* What to do *
Starting with the line that has "schoolgirl wrote on" in the records below and ending with the line that has "A stylish flat", output those lines exactly and nothing more; omit the pictures.

** Opening Records shown block **

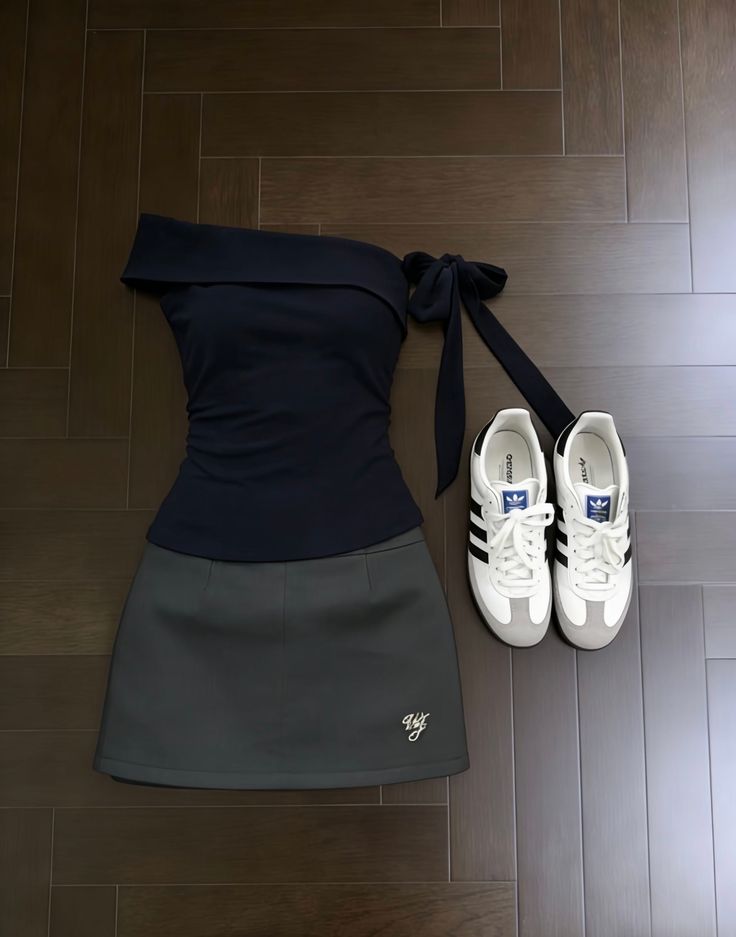 Off-shoulder top, mini skirt, and sneakers laid out on a wooden floor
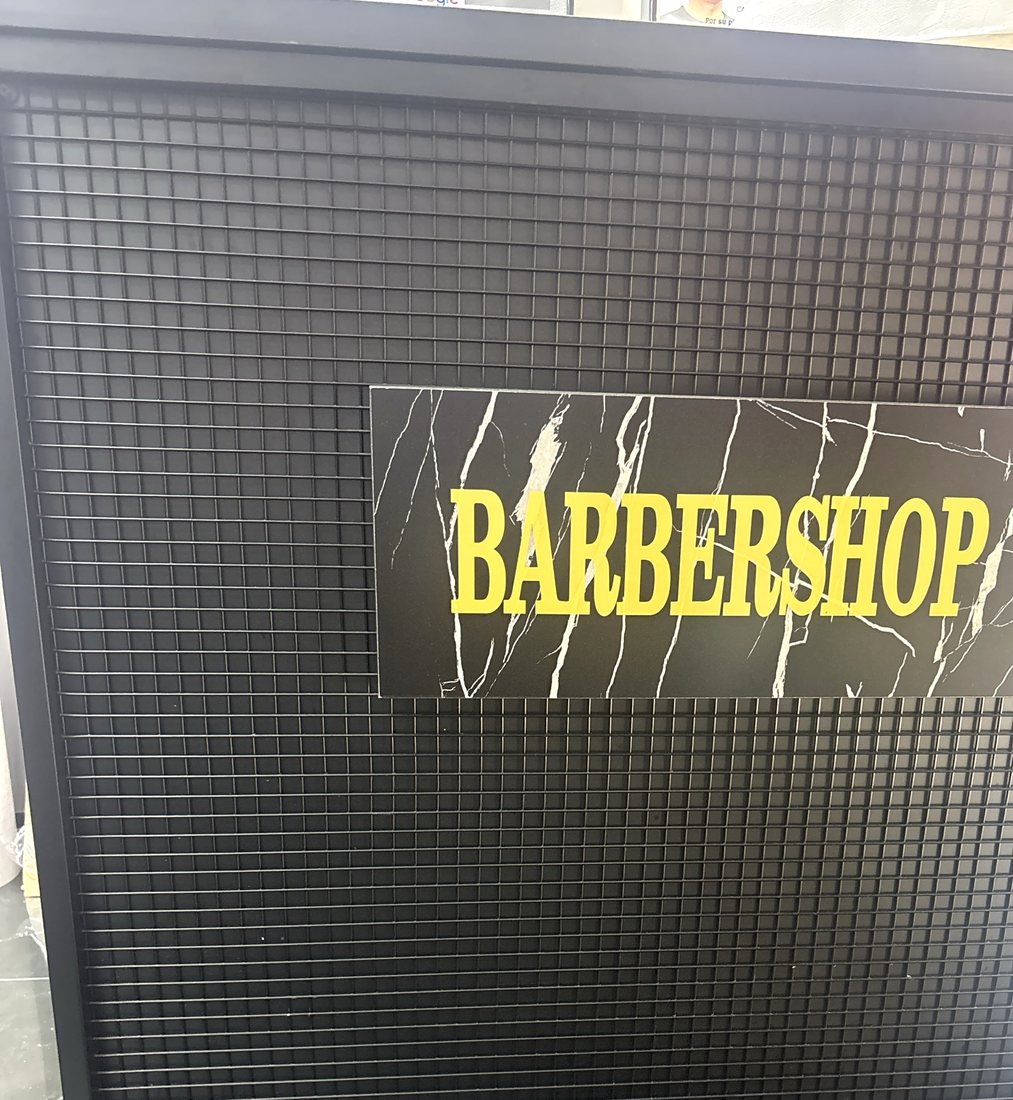 Rótulo BARBERSHOP en mármol negro sobre la pared de rejilla del local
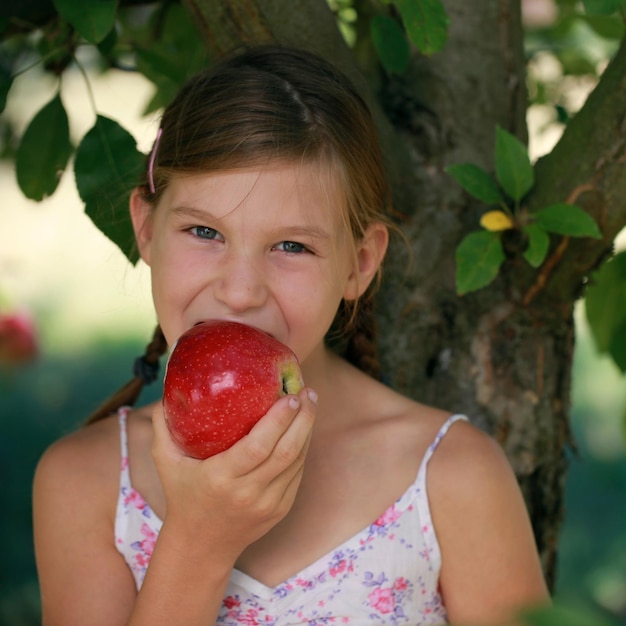 Menina mordendo uma maçã
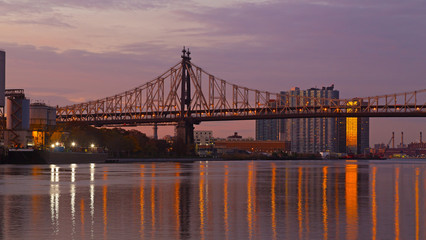 Fototapeta na wymiar Ed Koch Queensboro Bridge over East River at sunrise in New York City, USA. A view on scenic sunrise over the bridge from Roosevelt Island.
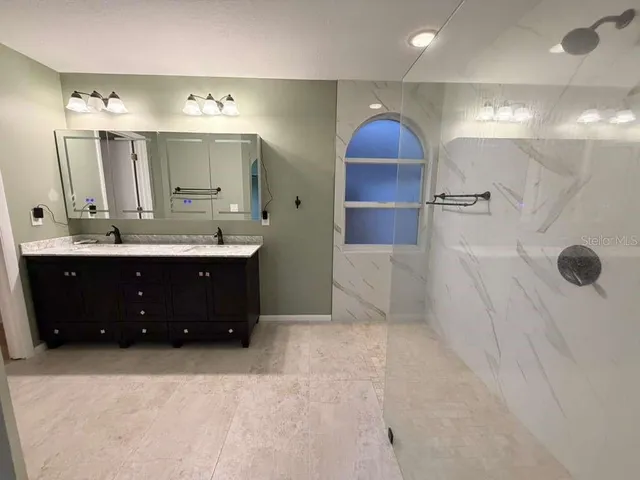 a bathroom with a double vanity sink a mirror and shower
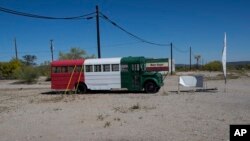 FILE - A bus painted in a Mexican flag motif and a banner with the Spanish farewell for "have a nice trip," serves as a roadside advertisement for a Chevron station, in Ajo, Arizona, April 4, 2017. In the past month, three large groups of migrants have been found in the desert near Ajo.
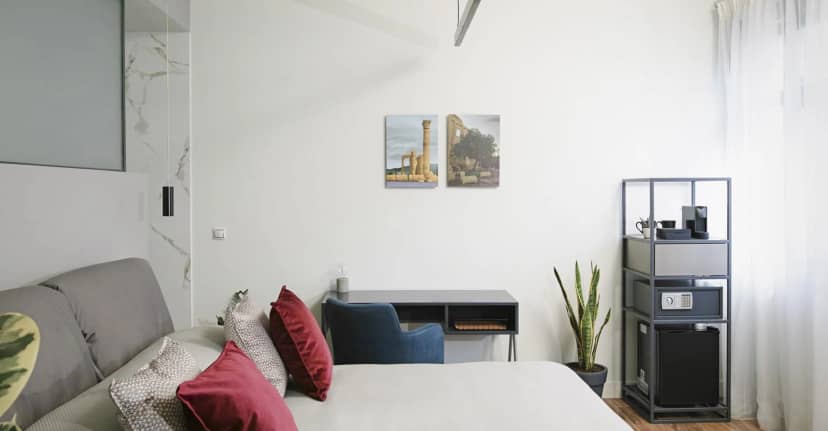Modern Signature Suite with workspace for corporate hotel events and business travel.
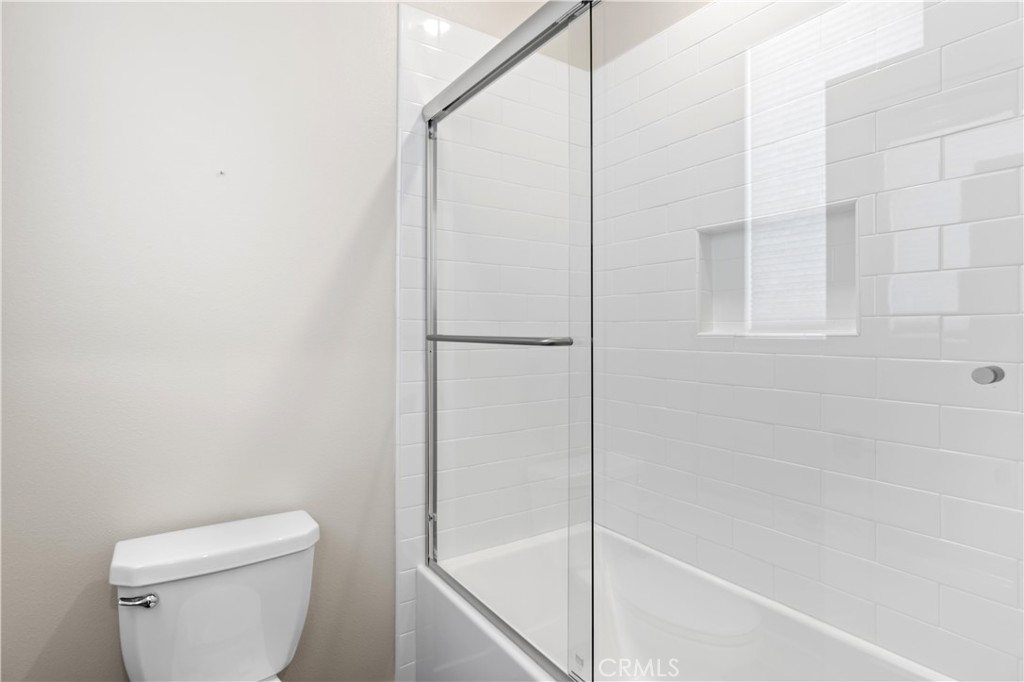 156 Chorus Irvine, CA 92618 - Photo 19 of 45 a bathroom with a shower and a toilet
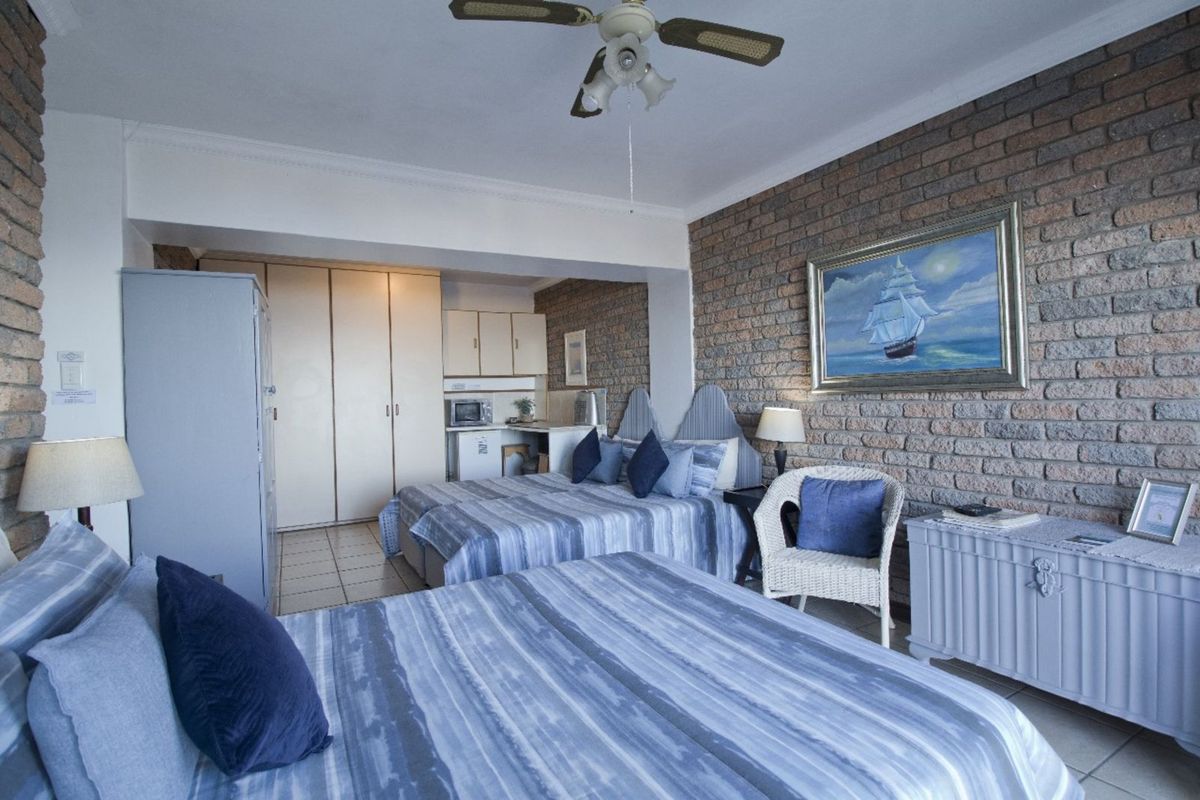Spacious bedroom featuring an exposed brick feature wall, built-in cupboards, and a small integrated kitchenette area with cabinetry.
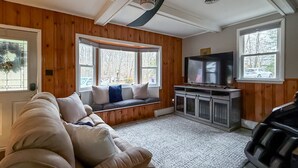 A cozy living room with a built-in bench, a large TV, and a fireplace. - Cozy Private Home | Near DC & Military Bases (Indian Head)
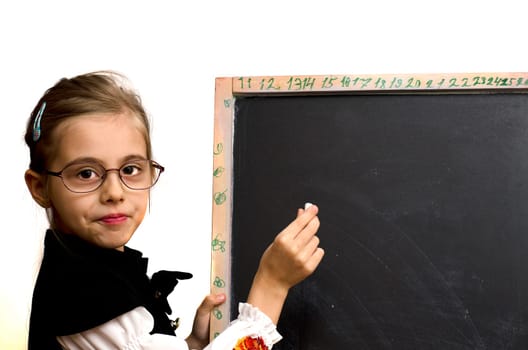 schoolgirl wrote on the blackboard isolated on a white background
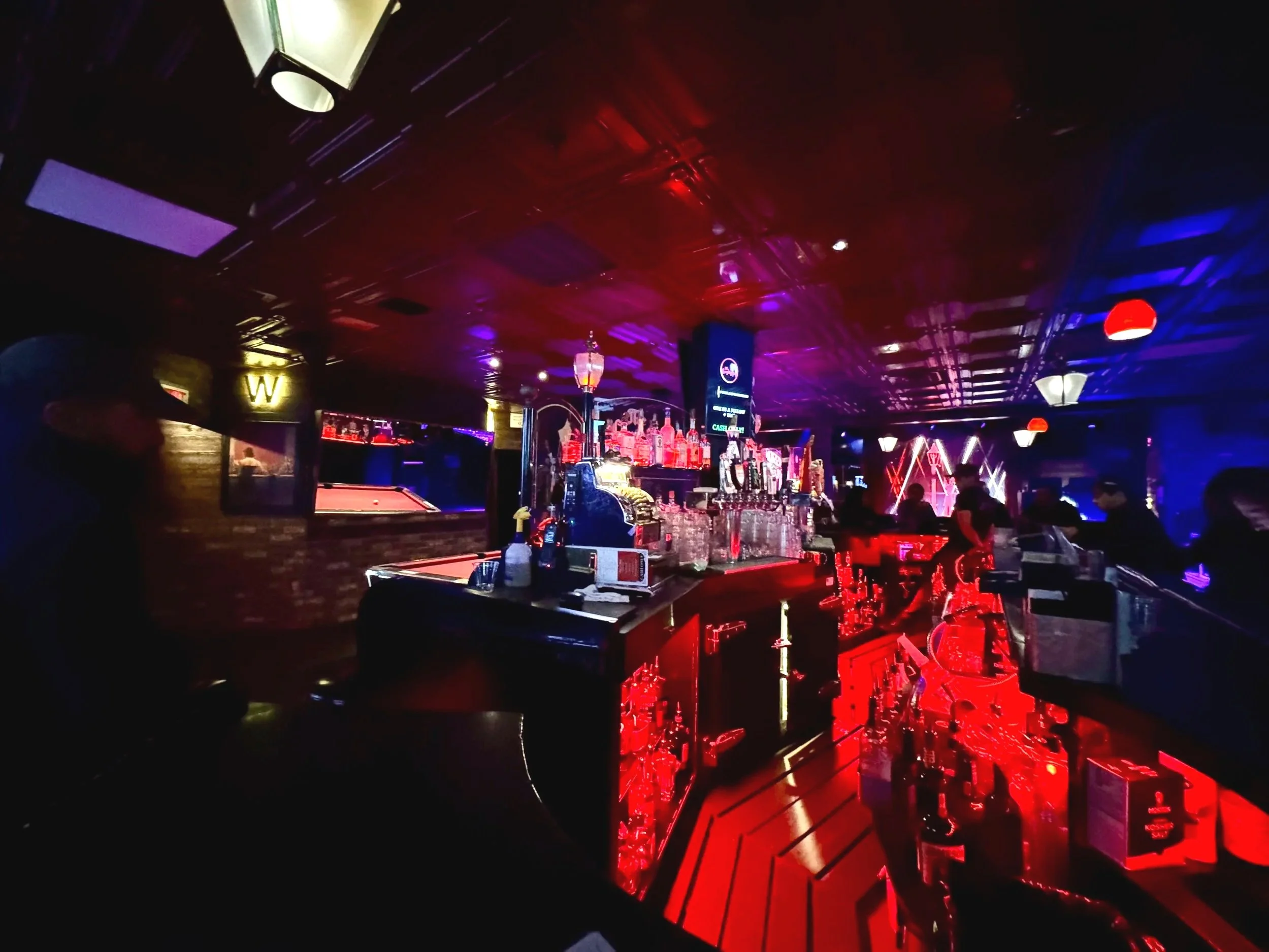 A dimly lit bar with a neon-lit counter and purple and red lighting, with people standing and socializing in the background.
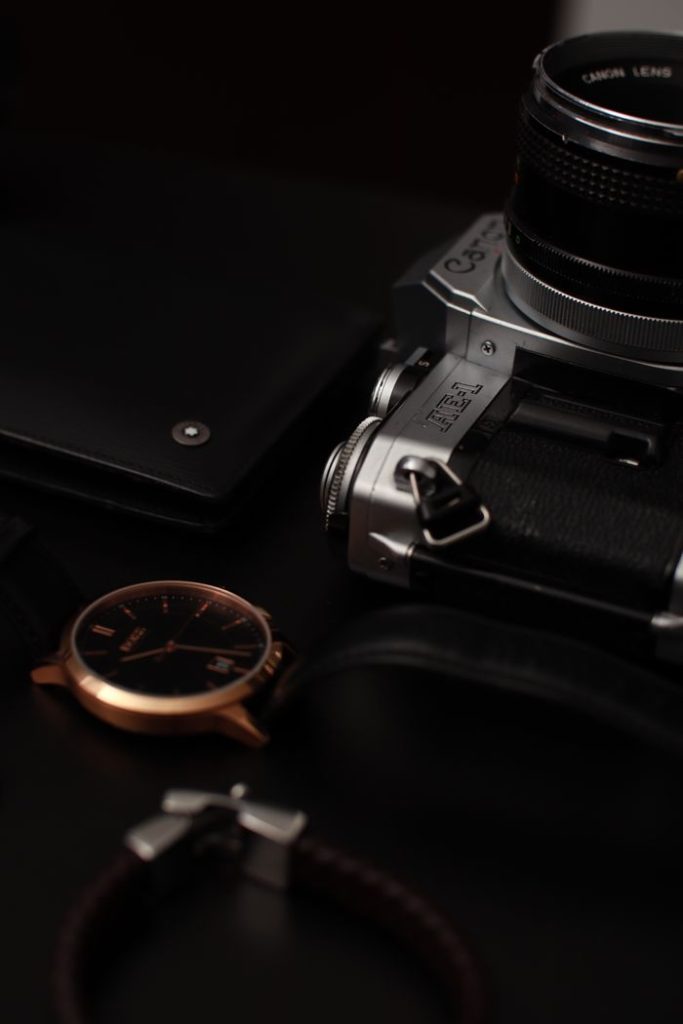 A stylish flat lay of a vintage camera, elegant wristwatch, and accessories.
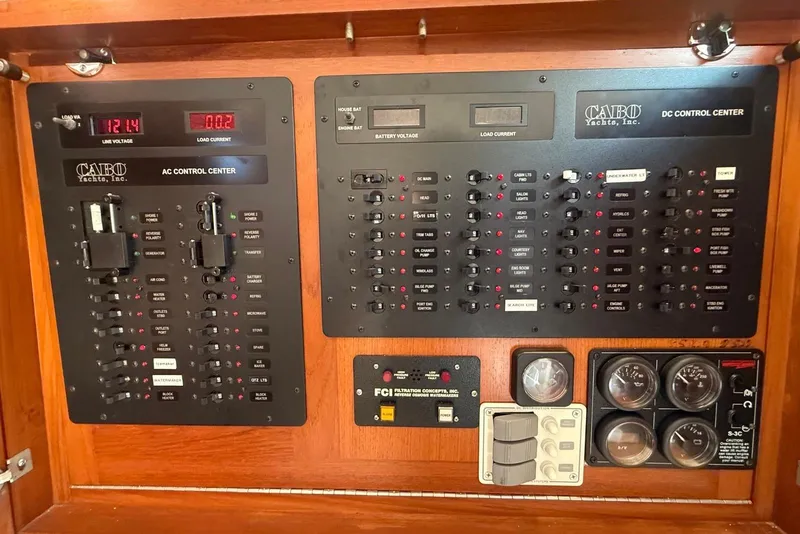 Slide: The Image of Electrical control panel of a 2003 Cabo 35 Express yacht, featuring AC and DC systems. - 22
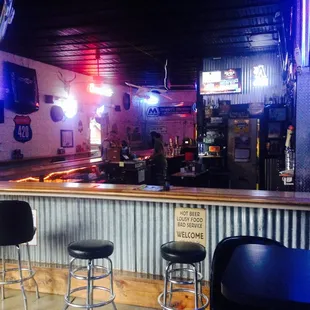 a bar with stools and neon signs
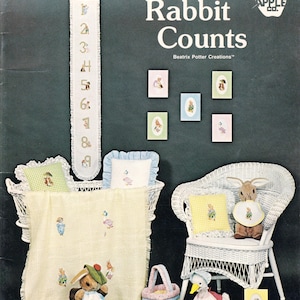 May include: A collection of Peter Rabbit Counts Beatrix Potter Creations items including a numbered wall hanging, embroidered blankets, pillows, a wicker bassinet, a wicker chair, plush rabbit and duck toys, a small basket, and framed art prints.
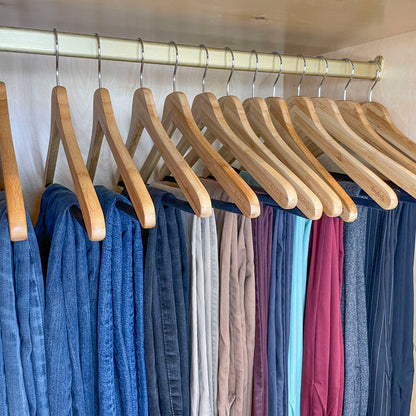 Horderly Bamboo Hangers with Velvet Bar, natural wood finish with metal hooks on a closet rod on Tampa Home & Garden Store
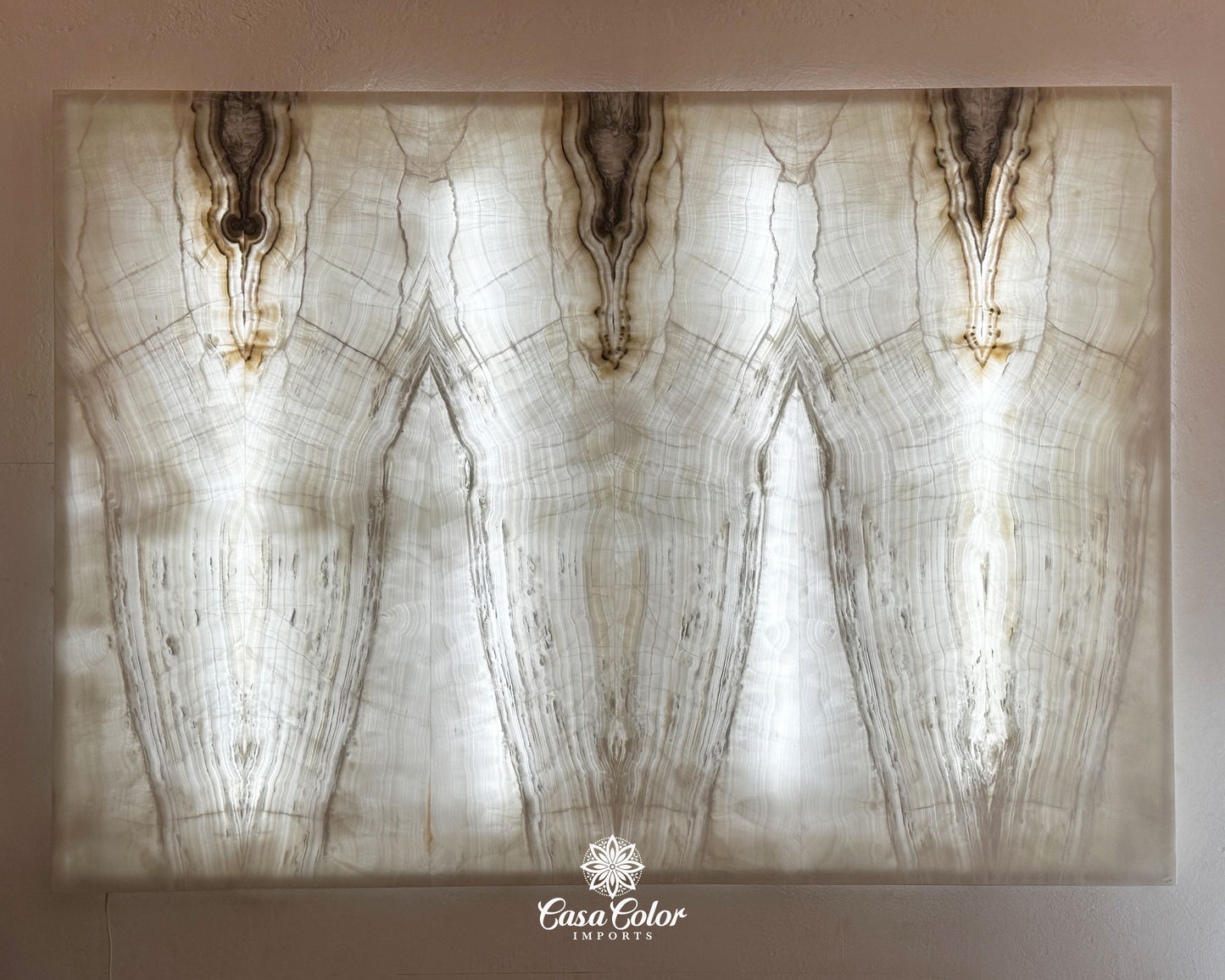 Stunning Hand-Cut Nacar Onyx Wall Panel with Black/Brown Beta. Backlit Wall Panel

** Closing Records shown block **

* Exercise result *
 schoolgirl wrote on the blackboard isolated on a white background
 A dimly lit bar with a neon-lit counter and purple and red lighting, with people standing and socializing in the background.
 A stylish flat lay of a vintage camera, elegant wristwatch, and accessories.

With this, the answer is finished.